▶ PROBLEM TO WORK ON:
Print every line of the listing below, starting with the line that holds "Pendulum Mat - Zen Collection" and going on through the line that holds "Apartman Le Hameau Du Sauget - Maeva", both included, and print nothing else.

▶ DATASET EXTRACT:

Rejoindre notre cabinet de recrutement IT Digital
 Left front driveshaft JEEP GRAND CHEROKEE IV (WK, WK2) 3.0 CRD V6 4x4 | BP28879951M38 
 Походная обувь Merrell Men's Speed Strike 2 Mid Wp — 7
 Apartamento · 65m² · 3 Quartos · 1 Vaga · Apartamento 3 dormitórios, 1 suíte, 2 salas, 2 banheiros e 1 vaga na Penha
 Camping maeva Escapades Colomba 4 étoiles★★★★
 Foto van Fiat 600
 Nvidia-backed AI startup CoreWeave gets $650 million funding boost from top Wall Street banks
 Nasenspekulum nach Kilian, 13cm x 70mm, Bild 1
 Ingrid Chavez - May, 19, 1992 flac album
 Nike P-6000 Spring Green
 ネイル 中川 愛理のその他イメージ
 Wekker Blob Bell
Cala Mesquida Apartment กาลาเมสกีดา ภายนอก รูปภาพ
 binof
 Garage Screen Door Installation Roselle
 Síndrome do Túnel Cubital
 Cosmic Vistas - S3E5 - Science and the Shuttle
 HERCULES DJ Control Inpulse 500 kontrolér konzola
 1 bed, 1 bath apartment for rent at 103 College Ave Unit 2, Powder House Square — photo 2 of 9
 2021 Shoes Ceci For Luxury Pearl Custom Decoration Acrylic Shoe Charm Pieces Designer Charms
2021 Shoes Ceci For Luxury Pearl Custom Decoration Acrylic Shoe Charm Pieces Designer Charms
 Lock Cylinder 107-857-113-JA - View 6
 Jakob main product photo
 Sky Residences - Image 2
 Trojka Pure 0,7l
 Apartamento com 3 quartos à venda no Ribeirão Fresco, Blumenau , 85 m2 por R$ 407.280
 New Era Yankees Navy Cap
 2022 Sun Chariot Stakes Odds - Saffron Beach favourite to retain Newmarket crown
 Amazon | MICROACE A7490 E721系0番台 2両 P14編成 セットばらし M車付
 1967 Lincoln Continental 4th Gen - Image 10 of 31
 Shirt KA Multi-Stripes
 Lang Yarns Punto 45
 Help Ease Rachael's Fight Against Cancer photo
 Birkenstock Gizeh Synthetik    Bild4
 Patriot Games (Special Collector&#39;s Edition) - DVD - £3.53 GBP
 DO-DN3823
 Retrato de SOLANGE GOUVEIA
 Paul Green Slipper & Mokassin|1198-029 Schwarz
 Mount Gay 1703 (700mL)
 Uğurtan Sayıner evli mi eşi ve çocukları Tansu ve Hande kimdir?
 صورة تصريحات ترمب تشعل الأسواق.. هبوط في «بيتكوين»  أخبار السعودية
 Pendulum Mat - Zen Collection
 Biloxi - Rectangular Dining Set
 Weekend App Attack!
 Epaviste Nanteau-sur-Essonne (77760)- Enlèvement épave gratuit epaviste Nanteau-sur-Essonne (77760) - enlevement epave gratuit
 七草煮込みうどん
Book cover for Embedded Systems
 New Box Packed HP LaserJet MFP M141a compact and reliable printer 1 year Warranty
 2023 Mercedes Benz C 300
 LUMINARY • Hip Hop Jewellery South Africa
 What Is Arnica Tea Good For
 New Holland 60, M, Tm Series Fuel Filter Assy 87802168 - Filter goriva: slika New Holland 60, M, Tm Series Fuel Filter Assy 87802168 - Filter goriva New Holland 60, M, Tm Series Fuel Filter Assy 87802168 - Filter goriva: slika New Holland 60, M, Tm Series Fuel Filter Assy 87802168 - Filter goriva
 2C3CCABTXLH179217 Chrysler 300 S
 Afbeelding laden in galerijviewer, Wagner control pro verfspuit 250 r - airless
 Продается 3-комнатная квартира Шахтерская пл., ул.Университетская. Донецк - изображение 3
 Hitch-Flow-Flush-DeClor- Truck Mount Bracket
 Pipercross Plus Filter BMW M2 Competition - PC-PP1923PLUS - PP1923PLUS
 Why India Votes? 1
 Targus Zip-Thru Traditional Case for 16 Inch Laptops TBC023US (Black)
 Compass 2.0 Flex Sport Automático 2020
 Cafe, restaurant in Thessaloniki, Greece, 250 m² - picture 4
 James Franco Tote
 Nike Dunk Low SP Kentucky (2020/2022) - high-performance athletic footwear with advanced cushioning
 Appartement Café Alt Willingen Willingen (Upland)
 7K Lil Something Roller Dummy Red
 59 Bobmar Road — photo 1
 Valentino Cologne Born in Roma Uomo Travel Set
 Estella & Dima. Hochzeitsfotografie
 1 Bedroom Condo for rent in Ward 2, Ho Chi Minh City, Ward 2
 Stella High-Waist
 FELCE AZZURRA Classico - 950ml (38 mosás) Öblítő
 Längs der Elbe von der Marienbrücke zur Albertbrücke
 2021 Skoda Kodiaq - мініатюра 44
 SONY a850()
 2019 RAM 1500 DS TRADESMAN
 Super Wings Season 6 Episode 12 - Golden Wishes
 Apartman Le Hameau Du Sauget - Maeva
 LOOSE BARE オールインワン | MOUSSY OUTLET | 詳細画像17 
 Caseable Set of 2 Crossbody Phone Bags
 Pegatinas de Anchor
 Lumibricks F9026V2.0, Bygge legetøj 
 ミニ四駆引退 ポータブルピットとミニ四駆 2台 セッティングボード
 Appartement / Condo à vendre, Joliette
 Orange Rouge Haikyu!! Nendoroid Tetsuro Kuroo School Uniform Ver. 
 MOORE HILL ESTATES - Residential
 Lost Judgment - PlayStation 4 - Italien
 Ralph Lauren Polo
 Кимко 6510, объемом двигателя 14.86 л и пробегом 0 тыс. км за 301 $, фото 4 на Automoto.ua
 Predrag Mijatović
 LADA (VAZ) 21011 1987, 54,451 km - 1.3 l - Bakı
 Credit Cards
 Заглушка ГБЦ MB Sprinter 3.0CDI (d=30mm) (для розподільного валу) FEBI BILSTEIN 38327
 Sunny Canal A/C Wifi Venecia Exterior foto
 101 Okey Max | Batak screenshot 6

▶ REPLY:
 Pendulum Mat - Zen Collection
 Biloxi - Rectangular Dining Set
 Weekend App Attack!
 Epaviste Nanteau-sur-Essonne (77760)- Enlèvement épave gratuit epaviste Nanteau-sur-Essonne (77760) - enlevement epave gratuit
 七草煮込みうどん
Book cover for Embedded Systems
 New Box Packed HP LaserJet MFP M141a compact and reliable printer 1 year Warranty
 2023 Mercedes Benz C 300
 LUMINARY • Hip Hop Jewellery South Africa
 What Is Arnica Tea Good For
 New Holland 60, M, Tm Series Fuel Filter Assy 87802168 - Filter goriva: slika New Holland 60, M, Tm Series Fuel Filter Assy 87802168 - Filter goriva New Holland 60, M, Tm Series Fuel Filter Assy 87802168 - Filter goriva: slika New Holland 60, M, Tm Series Fuel Filter Assy 87802168 - Filter goriva
 2C3CCABTXLH179217 Chrysler 300 S
 Afbeelding laden in galerijviewer, Wagner control pro verfspuit 250 r - airless
 Продается 3-комнатная квартира Шахтерская пл., ул.Университетская. Донецк - изображение 3
 Hitch-Flow-Flush-DeClor- Truck Mount Bracket
 Pipercross Plus Filter BMW M2 Competition - PC-PP1923PLUS - PP1923PLUS
 Why India Votes? 1
 Targus Zip-Thru Traditional Case for 16 Inch Laptops TBC023US (Black)
 Compass 2.0 Flex Sport Automático 2020
 Cafe, restaurant in Thessaloniki, Greece, 250 m² - picture 4
 James Franco Tote
 Nike Dunk Low SP Kentucky (2020/2022) - high-performance athletic footwear with advanced cushioning
 Appartement Café Alt Willingen Willingen (Upland)
 7K Lil Something Roller Dummy Red
 59 Bobmar Road — photo 1
 Valentino Cologne Born in Roma Uomo Travel Set
 Estella & Dima. Hochzeitsfotografie
 1 Bedroom Condo for rent in Ward 2, Ho Chi Minh City, Ward 2
 Stella High-Waist
 FELCE AZZURRA Classico - 950ml (38 mosás) Öblítő
 Längs der Elbe von der Marienbrücke zur Albertbrücke
 2021 Skoda Kodiaq - мініатюра 44
 SONY a850()
 2019 RAM 1500 DS TRADESMAN
 Super Wings Season 6 Episode 12 - Golden Wishes
 Apartman Le Hameau Du Sauget - Maeva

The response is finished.